_Task directions_. Please keep pictures out of the copy, and print exactly the lines from the one containing "9780544538566: The wrong" through the end of the records.

_Data_.
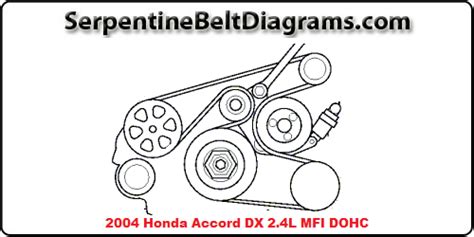 2004 Honda Accord Dx 24l Dohc Serpentine Belt Serpentine Belt Diagrams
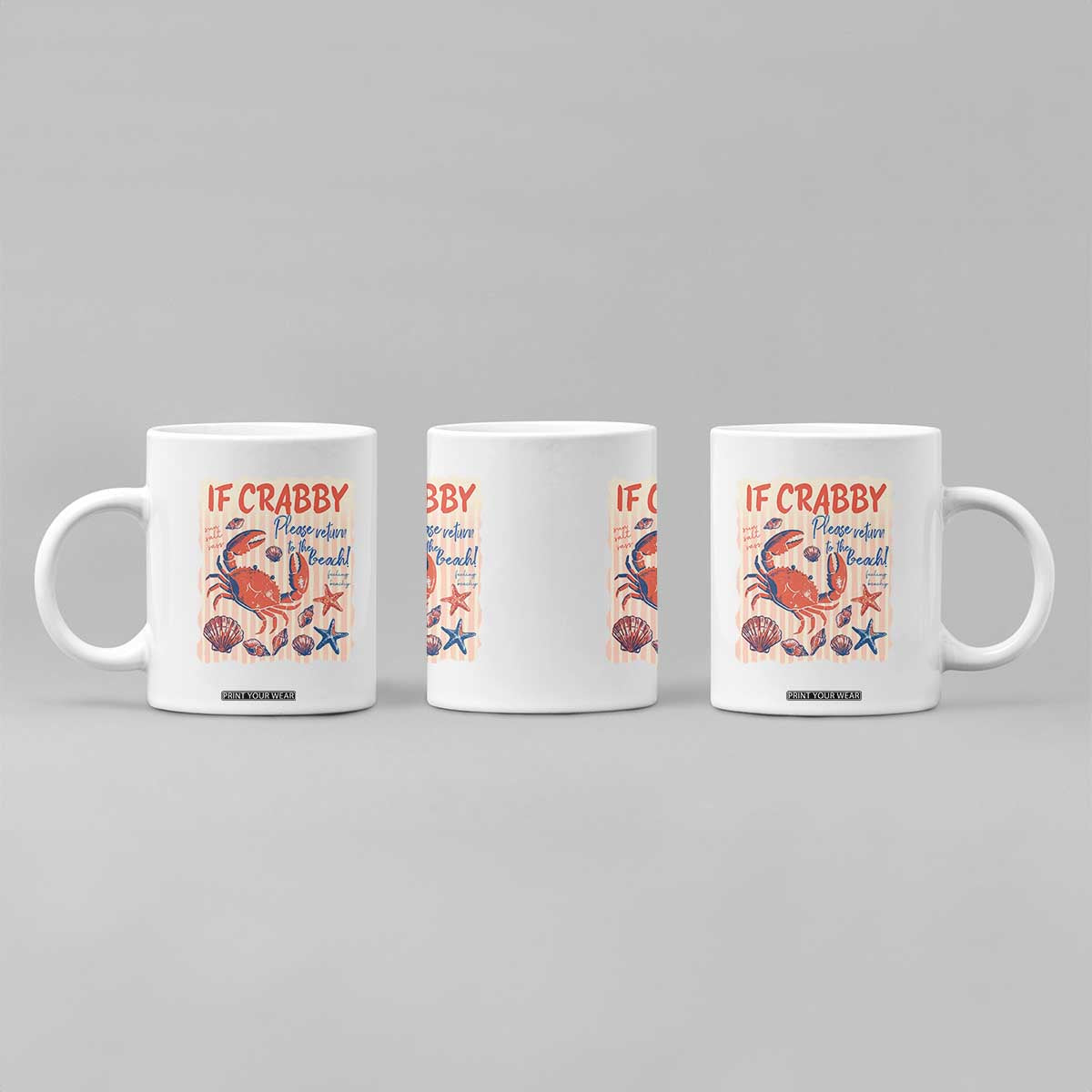 If Crabby Please Return To The Beach Coffee Mug Funny Crab Summer Vibes TS14 Print Your Wear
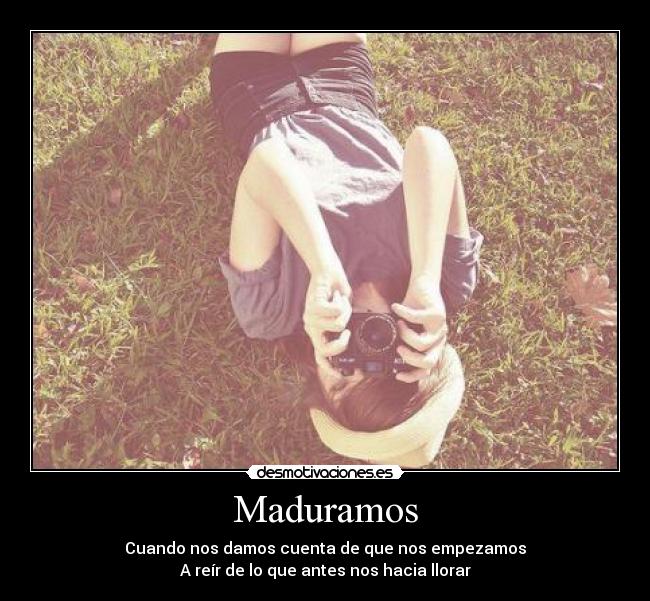 Maduramos - Cuando nos damos cuenta de que nos empezamos
A reír de lo que antes nos hacia llorar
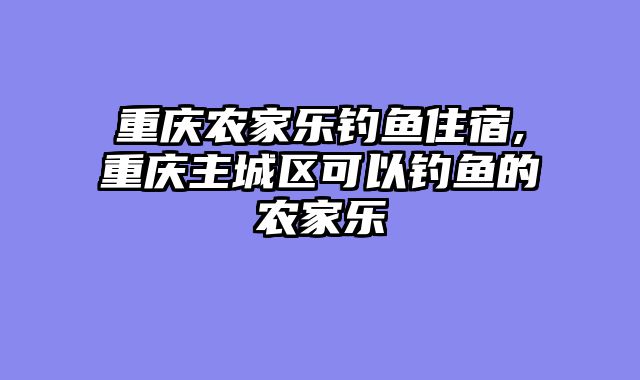 重庆农家乐钓鱼住宿,重庆主城区可以钓鱼的农家乐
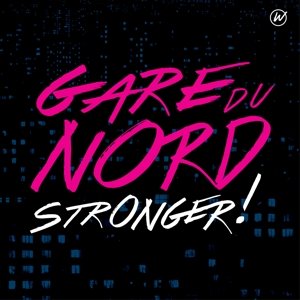 Stronger - Gare Du Nord - Música -  - 5051083096423 - 29 de outubro de 2015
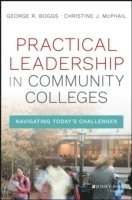 Practical Leadership in Community Colleges 1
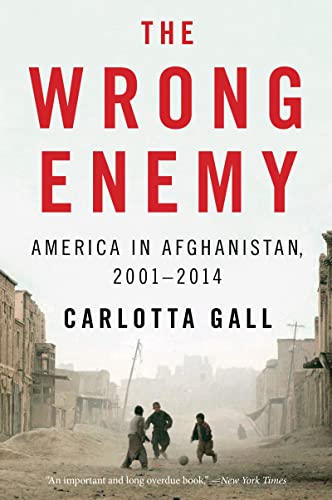 9780544538566: The wrong enemy. America in Afghanistan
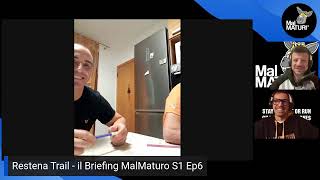 Restena Trail  il Briefing MalMaturo Ep6 [upl. by Arza]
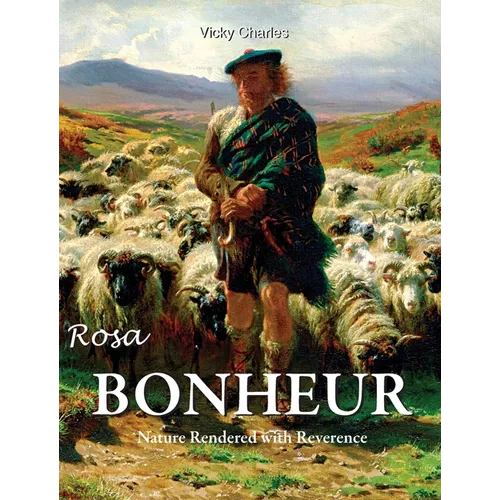 Rosa Bonheur: Nature Rendered with Reverence - Hardcover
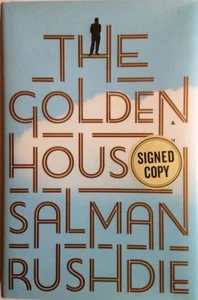 THE GOLDEN HOUSE BY SALMAN RUSHDIE SIGNED 2017FIRST EDITION FIRST PRINTING BOOK - Picture 1 of 4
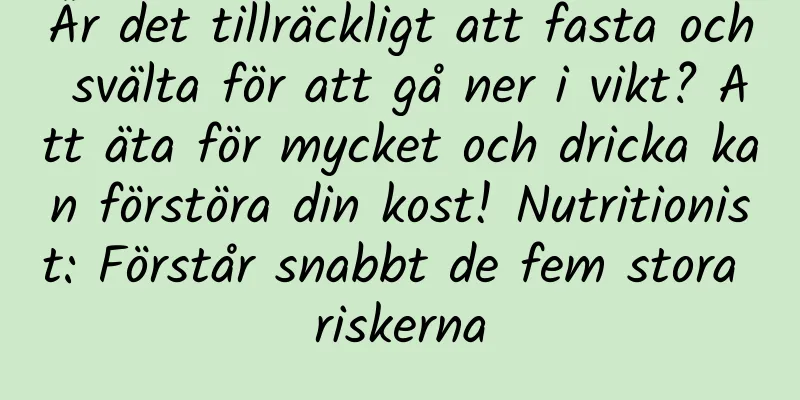 Är det tillräckligt att fasta och svälta för att gå ner i vikt? Att äta för mycket och dricka kan förstöra din kost! Nutritionist: Förstår snabbt de fem stora riskerna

_Response to this exercise_.
 9780544538566: The wrong enemy. America in Afghanistan
 Restena Trail  il Briefing MalMaturo Ep6 [upl. by Arza]
 Rosa Bonheur: Nature Rendered with Reverence - Hardcover
 THE GOLDEN HOUSE BY SALMAN RUSHDIE SIGNED 2017FIRST EDITION FIRST PRINTING BOOK - Picture 1 of 4
 Är det tillräckligt att fasta och svälta för att gå ner i vikt? Att äta för mycket och dricka kan förstöra din kost! Nutritionist: Förstår snabbt de fem stora riskerna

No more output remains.